Sunday, December 16, 2012

GoPro Hero3 Black Multi-Camera Timing

In the previous post, I explored the field-of-view of a GoPro Hero3 Black camera.  In this post, I explore the timing of two cameras, both paired with the same remote.  I set the cameras to 848x480 240Hz video, pointed them at a kitchen timer that has an LED blink once per second, and recorded.  Here are four images from each camera, composed together so you can see how the timing varies:



So, accurate to within 2 frames at 240 Hz - only about 8 milliseconds or so of difference.  Should be good enough for my purposes.  The bigger concern is the color shift apparent between them.  Note that the bottom image seems a little more saturated than the top.  Probably correctable, but annoying.

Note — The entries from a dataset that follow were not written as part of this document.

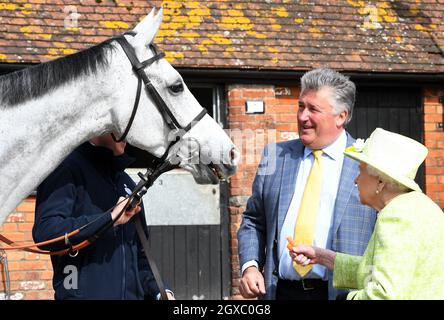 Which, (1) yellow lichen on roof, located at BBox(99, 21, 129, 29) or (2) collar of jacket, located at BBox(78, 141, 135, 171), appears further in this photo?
(1) yellow lichen on roof, located at BBox(99, 21, 129, 29)

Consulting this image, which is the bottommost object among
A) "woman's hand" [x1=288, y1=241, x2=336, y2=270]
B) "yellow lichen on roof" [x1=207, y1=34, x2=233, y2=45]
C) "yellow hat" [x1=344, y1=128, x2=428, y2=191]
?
"woman's hand" [x1=288, y1=241, x2=336, y2=270]

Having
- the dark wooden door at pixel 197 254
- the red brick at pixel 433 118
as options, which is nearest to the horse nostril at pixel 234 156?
the dark wooden door at pixel 197 254

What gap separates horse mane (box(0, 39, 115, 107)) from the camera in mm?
4039

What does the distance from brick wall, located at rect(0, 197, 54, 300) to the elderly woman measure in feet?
20.1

GoPro Hero3 Black Field of View

I got two GoPro Hero3 Black cameras and am planning a panoramic project with them.  However, to do the project correctly and accurately, I need a good read on their field-of-view.  So, I set up a tripod and a grid and a tape measure, and took a few photos.  Here they are, desaturated and contrast-enhanced, with central red dots and some annotations.  First, measuring the diagonal FOV:


Next, the horizontal FOV:


Finally, the vertical FOV:


The front of the camera lens was almost exactly 17 inches from the grid.  The camera body started about 17.25 inches from the grid.  Assuming the sensor is embedded some distance into the body, I used an estimated field-to-sensor distance of 17.5 inches.  This yields the following field-of-view, in degrees:

Diagonal: 146
Horizontal: 121
Vertical: 93

Doing a little interval math on the field-to-sensor distance shows these angles are accurate to about plus or minus 1.5 degrees.

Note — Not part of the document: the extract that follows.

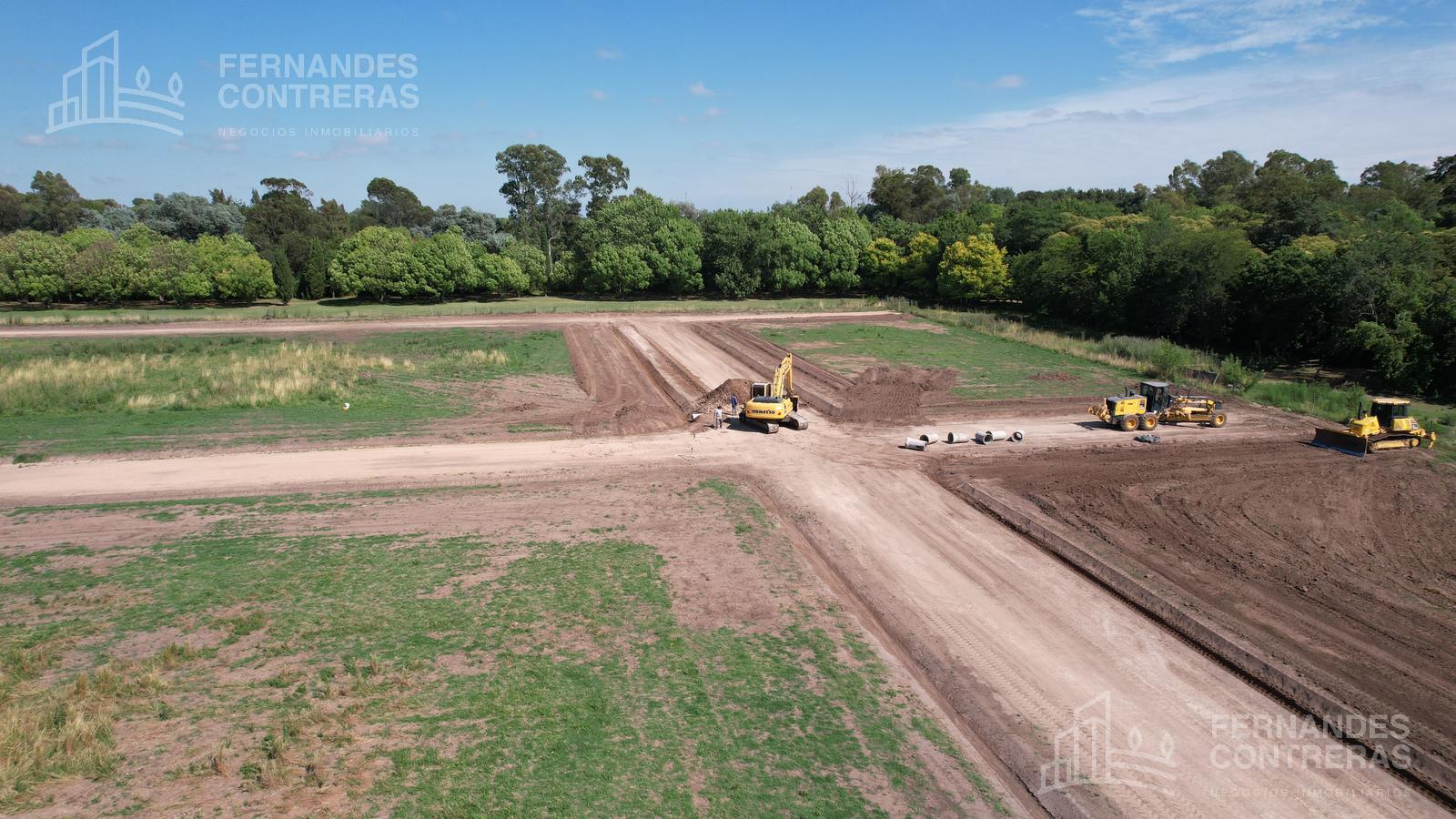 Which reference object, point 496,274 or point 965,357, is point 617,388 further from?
point 496,274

Interestingly, Photoshop seems unable to correct the barrel distortion of the GoPro's built-in lens.  The EXIF information says it is a 2.77mm f/2.8.  I suspect it is some sort of a non-linear distortion (i.e. stronger toward the corners than in the middle).  I'll do a little math and see what I can figure out...

Edit - Dec 29 2012
I wrote a program to account for the spherical projection the lens uses.  It is a very straightforward projection, and works out to a horizontal field-of-view of roughly 114 degrees (i.e. a little smaller than I calculated, probably due to the difficulty of reading the tape measure numbers as they get squished toward the edge).  Basically, you can reproject the pixels to a flat plane by scaling the distance of each pixel from the center of the image proportional to the atan of that distance, divided by the constant which comes out to half the horizontal field-of-view:

r = atan(r) * (180 / (WIDTH_HALF_ANGLE*M_PI)) * (w/2);

Using this correction, here is the diagonal FOV image, reprojected:


The keystoning of the sewing board is due to the fact that the camera was not facing directly perpendicular to it, so there is a perspective distortion.  Two things show that this is the correct projection:

1. The left and right edges of the sewing board, reasonably straight in reality, are straight in this image
2. The tape measure is a consistent width across the entire image.

Edit 2 - Mar 28, 2013
To make it absolutely clear how I did this, here is a code fragment from the C program I hacked together for this.  Strictly point-sampled (no interpolation) but good enough to demonstrate the math.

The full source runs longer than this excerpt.